EXERCISE DIRECTIONS> Reproduce the listing below exactly, beginning with its first line and ending with the line that holds "Cozy Knits: Adorable"; pictures are not part of the copy.

DATA TO USE>
[Start of section]
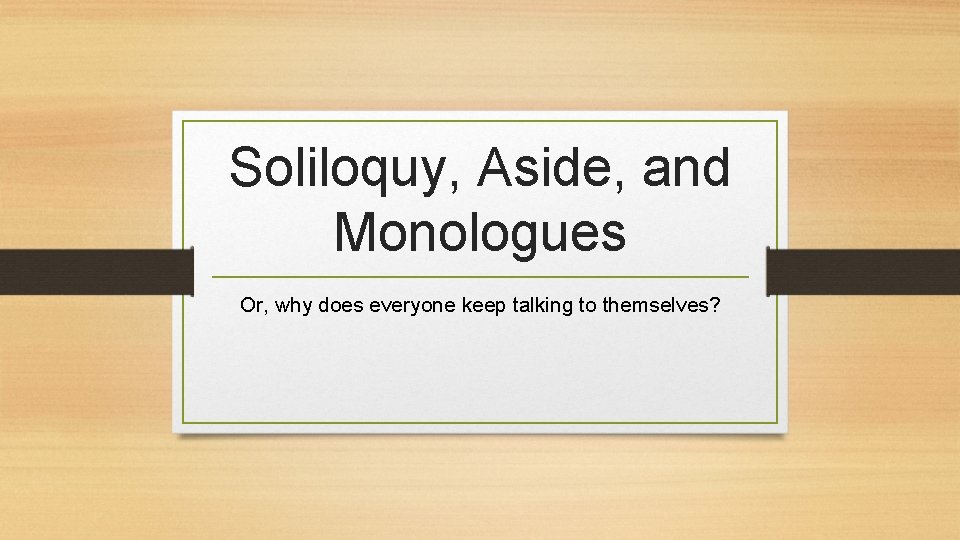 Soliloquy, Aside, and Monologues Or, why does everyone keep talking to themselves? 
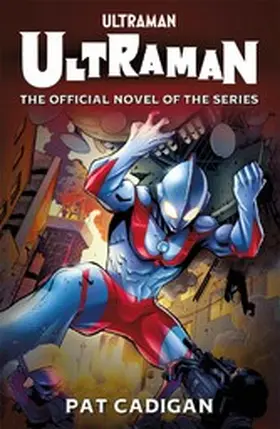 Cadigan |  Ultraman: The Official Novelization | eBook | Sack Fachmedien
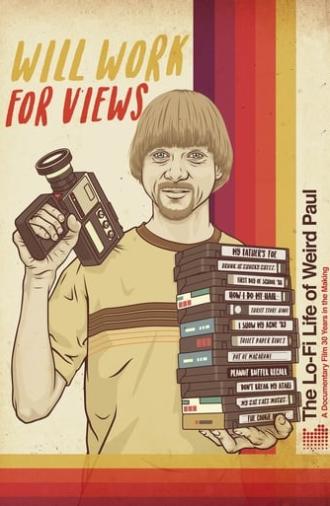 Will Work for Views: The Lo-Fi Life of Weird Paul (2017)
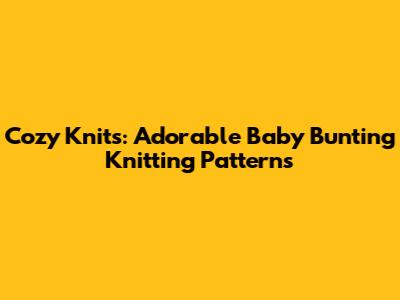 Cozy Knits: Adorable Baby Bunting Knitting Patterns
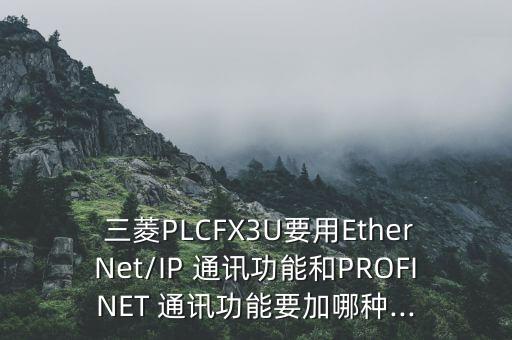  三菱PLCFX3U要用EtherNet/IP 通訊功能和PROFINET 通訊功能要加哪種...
[End of section]
TASK ANSWER>
 Soliloquy, Aside, and Monologues Or, why does everyone keep talking to themselves? 
 Cadigan |  Ultraman: The Official Novelization | eBook | Sack Fachmedien
 Will Work for Views: The Lo-Fi Life of Weird Paul (2017)
 Cozy Knits: Adorable Baby Bunting Knitting Patterns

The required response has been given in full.